■ **PROBLEM REQUIREMENTS**
Your answer must restate the listing below word for word and contain no images.

Segment Start: DATA SUPPLIED

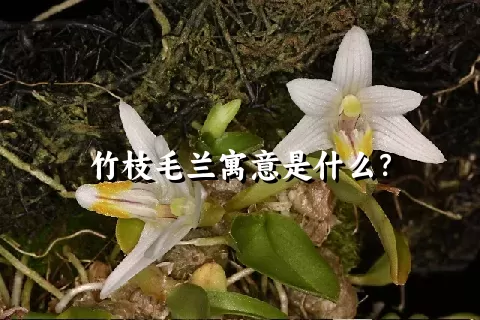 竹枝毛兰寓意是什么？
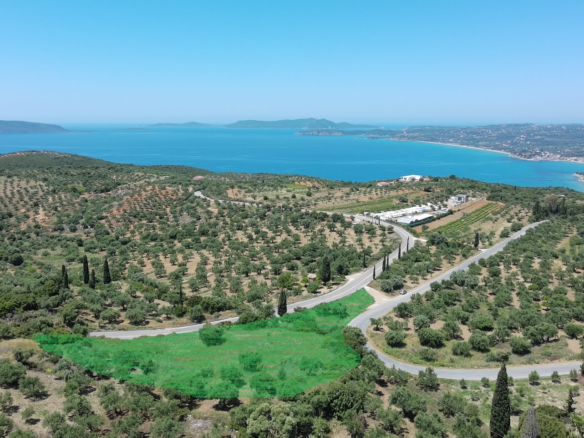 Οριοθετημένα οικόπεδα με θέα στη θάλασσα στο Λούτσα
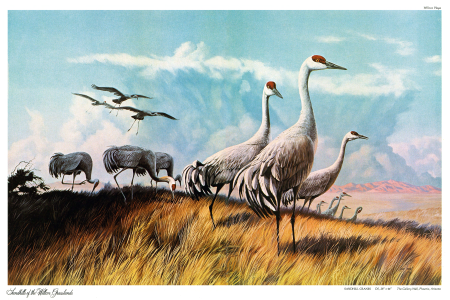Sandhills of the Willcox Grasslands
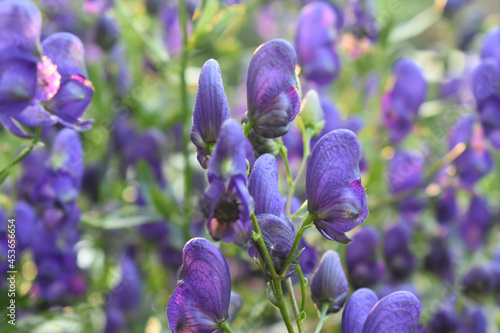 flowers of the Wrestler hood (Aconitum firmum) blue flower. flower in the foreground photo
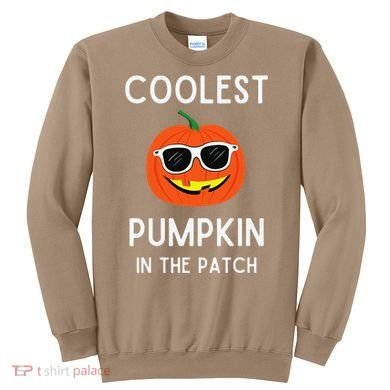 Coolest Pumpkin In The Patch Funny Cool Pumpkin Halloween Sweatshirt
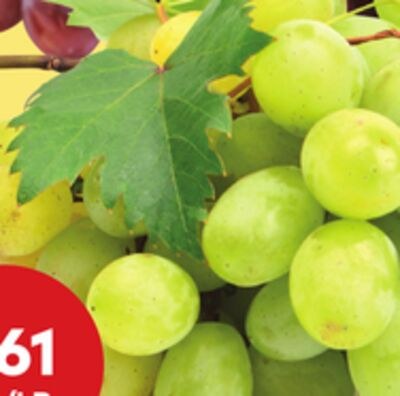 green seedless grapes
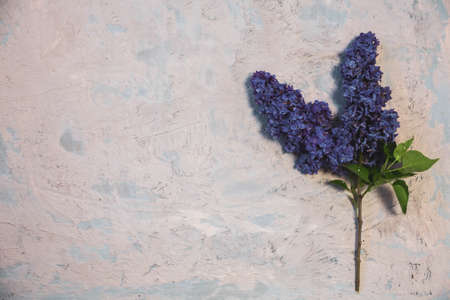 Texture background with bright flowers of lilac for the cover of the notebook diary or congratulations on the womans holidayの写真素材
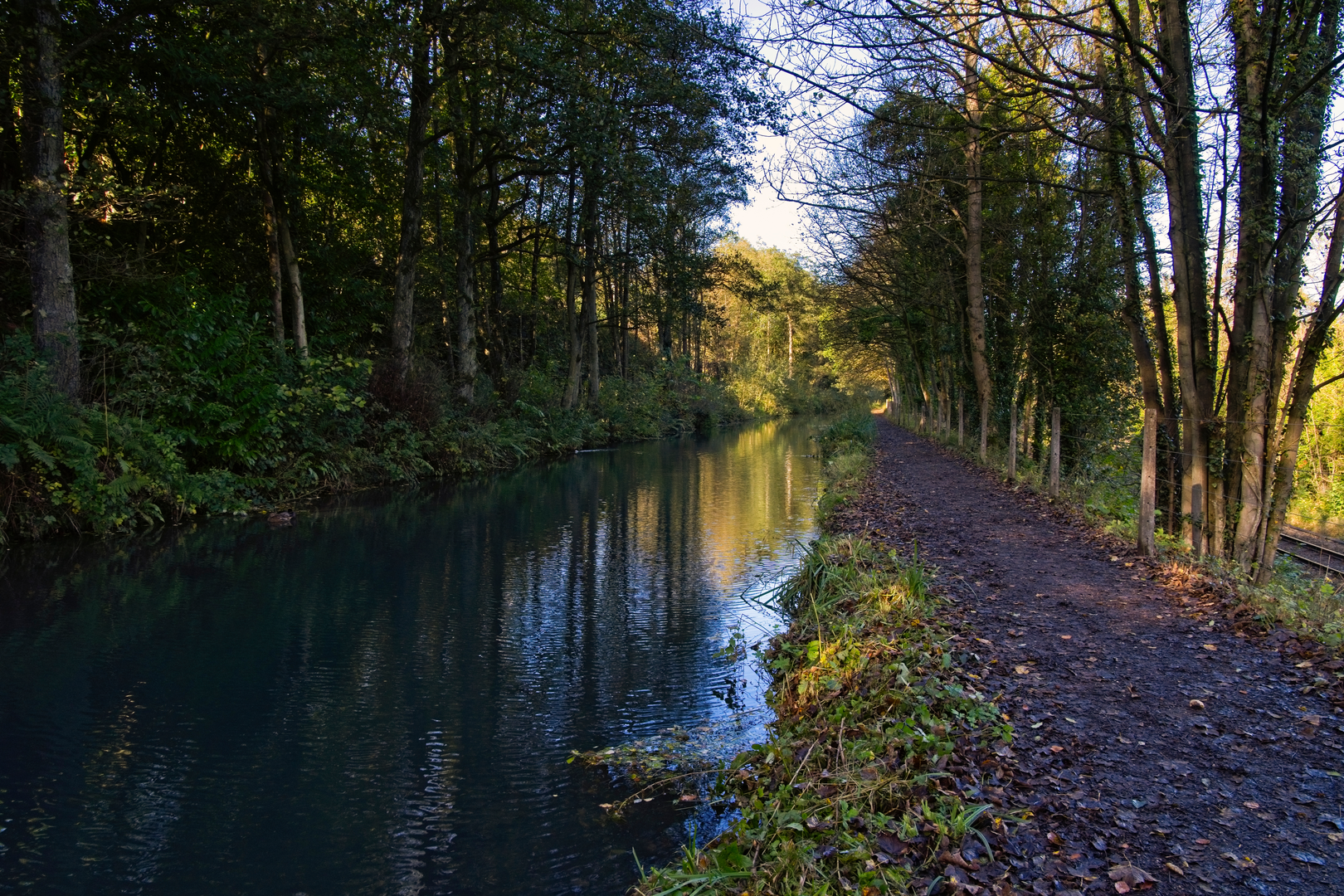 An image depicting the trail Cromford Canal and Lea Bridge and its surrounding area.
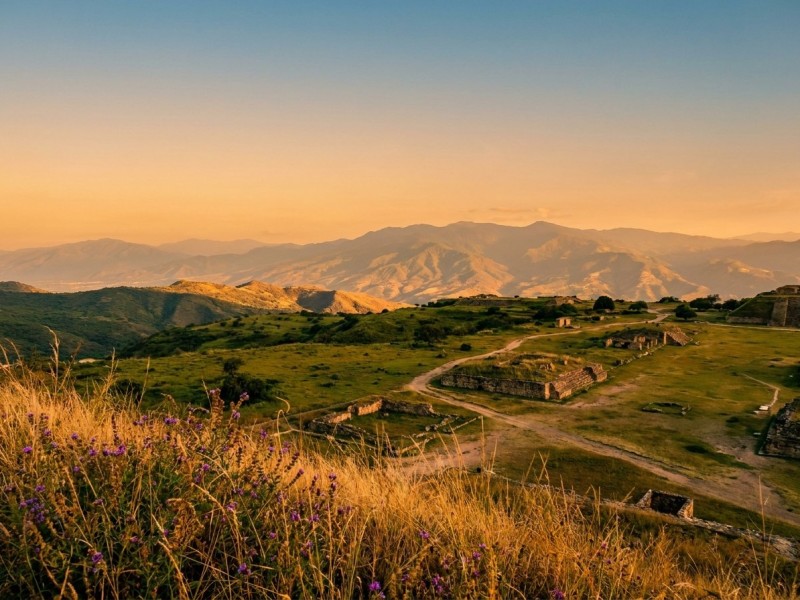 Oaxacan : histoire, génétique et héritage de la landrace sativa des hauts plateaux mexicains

Segment End: DATA SUPPLIED

■ **EXERCISE RESPONSE**
 竹枝毛兰寓意是什么？
 Οριοθετημένα οικόπεδα με θέα στη θάλασσα στο Λούτσα
Sandhills of the Willcox Grasslands
 flowers of the Wrestler hood (Aconitum firmum) blue flower. flower in the foreground photo
 Coolest Pumpkin In The Patch Funny Cool Pumpkin Halloween Sweatshirt
 green seedless grapes
 Texture background with bright flowers of lilac for the cover of the notebook diary or congratulations on the womans holidayの写真素材
 An image depicting the trail Cromford Canal and Lea Bridge and its surrounding area.
 Oaxacan : histoire, génétique et héritage de la landrace sativa des hauts plateaux mexicains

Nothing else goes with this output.